Intelligent Design – An Evolution For The Environment

The following paragraphs almost read quite differently to how they currently do, with writes, re-writes, and much editing down in an attempt to try and get over a point which is of much concern to us and, we hope, the broader public. It was few thousand words which, at times and rather uncomfortably, teetered on the edge of that chasm of apocalypse which characterizes the, understandably impassioned but often irrational, debate regarding pollution and the environment which it, without any doubt, is doing great damage to. Then an announcement was made by the Department of Transport, and it changed, entirely, the tone in which this latest blog speaks, with negativity giving way to positivity.

The announcement stated that the UK government intends to bring to an end the sale of new diesel and petrol-powered cars by the year 2040. That is, at present, only ‘the sale’, and specifically ‘new cars’, and comes as the latest in a line of announcements by other governments and of car manufacturers, indicating some strong momentum away from internal combustion. At a first cynical glance, from a UK perspective, this means that the used fossil-fuel car market will take a good decade-or-so to wind down, and there may suddenly be a mushrooming of sales of small vans as people attempt to take advantage of such loopholes. So it is, realistically, quite a long time down the road, and much can happen before then. I mean, to lend the timeline some perspective, a young couple who may have just invested in a smart new car, could, if purchase and re-purchase trends hold, be on their fourth or fifth new car some twenty-three years from now, and on their way to a maternity unit to welcome their latest grandchild into the world.

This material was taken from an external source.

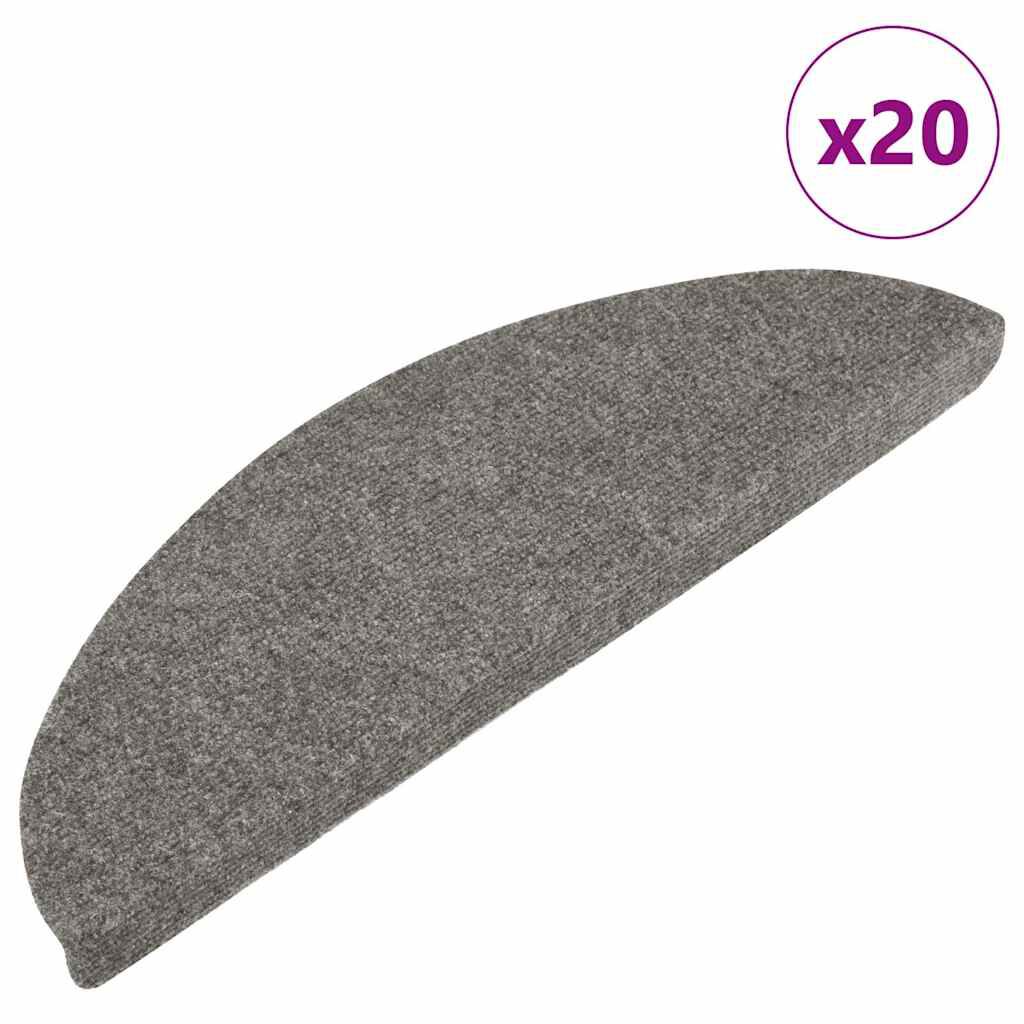 vidaXL Πατάκια Σκάλας Αυτοκόλλητα 20 τεμ. Γκρι 56 x 17 x 3 εκ.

How does this affect the operations of Barnes Logistics? On the face of it, not a great deal. However, it isn’t some irrational display of clairvoyance to predict that heavy goods vehicles will one day benefit from a massive propulsion re-design, and it got us thinking as to what will our fleet of lorries will look like in the year 2040. It’s just that we’re not planning on going anywhere but forward, up to and beyond that date with destiny for cars, in the future.

Nobody could really say operating a modern fleet of trucks is fun recreation – it’s costly, a headache of regulations, and they are rather attention-seeking when it comes to the strict maintenance regime we observe. A fleet consumes thousands of litres of fuel per day, and operations are replete with any number of factors which can impede or halt progress. However, they are quite an essential tool in industry, supporting people and growth and contributing to prosperity for all. Aye, there’s the rub, and as things stand, it is a real question of ‘To be or not to be?’ if one wishes to retain a presence in the road transport industry. For the present and for the movement on the roads of the size of loads our trucks and those of other operators carry, diesel trucks are the only cost-effective show in town. For the future, however, we at Barnes hasten the advent of economically and environmentally efficient hybrid commercial vehicles. The technology is there, and has been for many, many years. From the once familiar sight of an electric milk-float, right up to some of the largest quarrying trucks, moving 350+ tonnes per-load. It is a question of range and efficiency with regards application, but it will come, and we welcome it.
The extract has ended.